If I could edit to Craig Armstrong scores all the time then I would. The man is exceptional. But probably rather expensive to licence. But in essence, we like to find cinematic, often piano or string based music with gentle lead ins as our signature. That allows us to convey peace and serenity, often as a counterpoint to the excitement in the build up. It draws people in without being too obvious. I don’t want the music to dominate until all hell breaks loose in the dancing. I’ve seen other wedding filmmakers do amazing stuff with lyrical, guitar led music but I just can’t do it. It just isn’t me.

Lesson learned: Accept imperfections, perfect doesn’t always mean polished.

If you’re being critical, as a cinematographer, this footage isn’t perfect. in terms of story, it’s amazing. But some of these shots wouldn’t have passed muster, as they are, on a wedding film;

Blown out highlights

In this shot, which is the first one, you can see that all the detail in the older man’s face and much of that of the male hugger behind are lost in a flat white shape. Look at the scopes below and you’ll see the highlights are clipped. This happens often enough when you’re filming events, but in the post production process we would colour correct this to bring the highlights down and return the detail to the face. This is one of the main advantages of having a camera with a large dynamic range.

love actually wedding film style

Here’s another example. You won’t really notice this unless you are afflicted by the curse of dealing with these things for a living but have you noticed that the man and boy here are like siamese twins? The highlights are exposed to a level where all detail is gone and you cannot see where one face ends and another begins. Of course, our minds do the work for us.

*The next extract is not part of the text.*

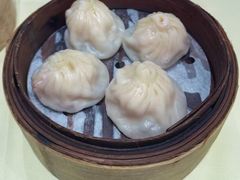 -兴悦酒家(环市东路店)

Crash zooming, hunting for composition

In this second shot, the camera operator notices the action after it has started. In all credit, they finds a focal length and composition quickly, but this wouldn’t make the cut in one of my films. Maybe that is a mistake, as the movement helps add to the sense of excitement and reaction, but in a technical sense, I’d cut everything before the girls face is focussed.

Slightly out of focus

Not enough to worry about, but this is a slightly soft image. It would definitely make it into one of my films though, but I might sharpen it slightly in post. It’s such a lovely shot though, that it would never get cut.

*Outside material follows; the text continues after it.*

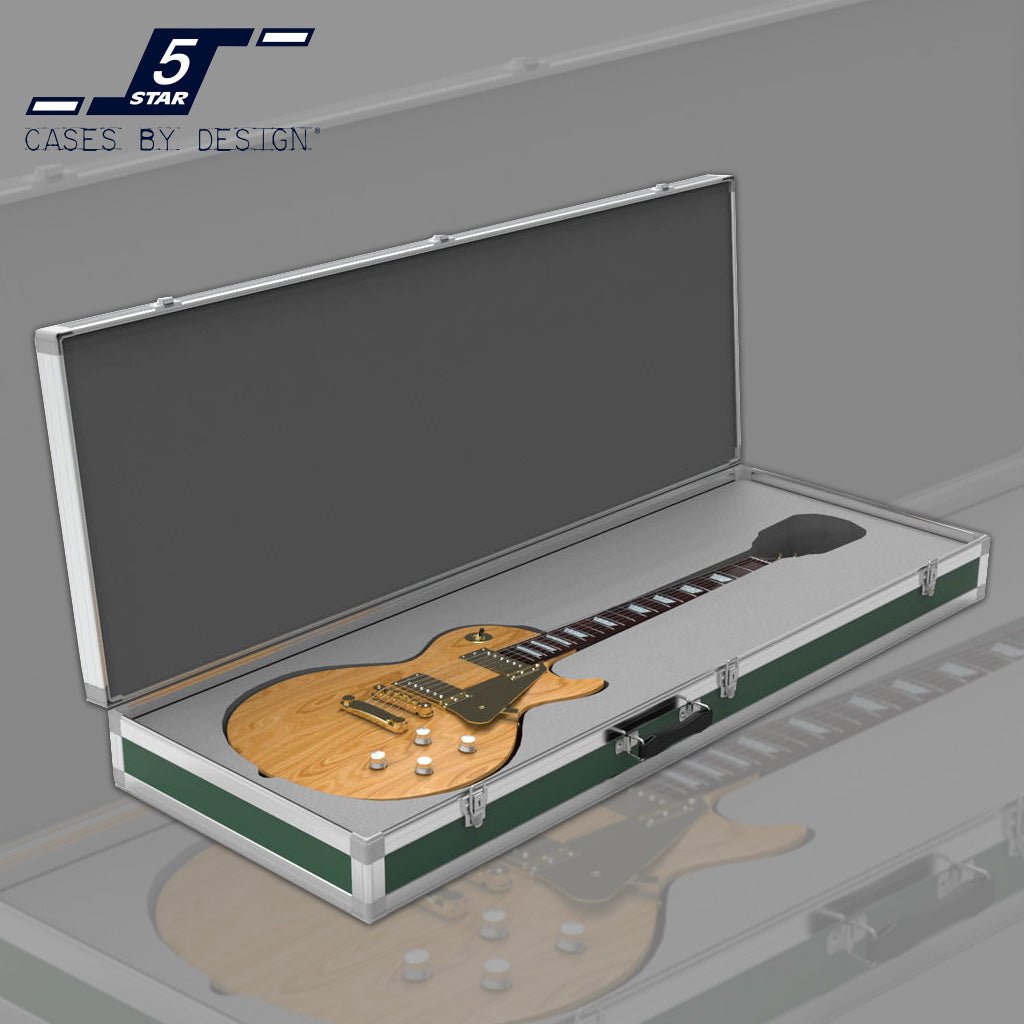 Musical Instrument Cases Musical Instrument Cases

Slowing down footage that isn’t shot at a high frame rate

Everything looks better in slo mo, right? Yes, but in this case it looks like they filmed at 24 frames per second and the editing timeline is a 24fps sequence. Slowing it by half means that each frame is being stretched to double its length, which gives that stuttery look. Again though, great shot and having the time to take it in helps you to appreciate the emotion.

The point is   …

That Richard Curtis, his DoP and editor are all well aware of the points I’ve laid out, but by presenting slightly raw footage, it feels so much more like you are there, as an observer, perhaps with a camcorder. That helps drive the story and even more so, it emphasises the fact that, even if these are actors, it makes a distinction between the “real” and therefore more powerful footage and the carefully controlled and orchestrated footage to follow.  As an aside, if they are all candid members of the public, I’d love to have seen the runner having to chase them all to sign release forms. Our determination to get our films as “perfect” as we can get them means we take a long time in the edit. But perhaps we should embrace the rough and ready a bit more or, in the words of that well known philosopher John Legend; “love your perfect imperfections”.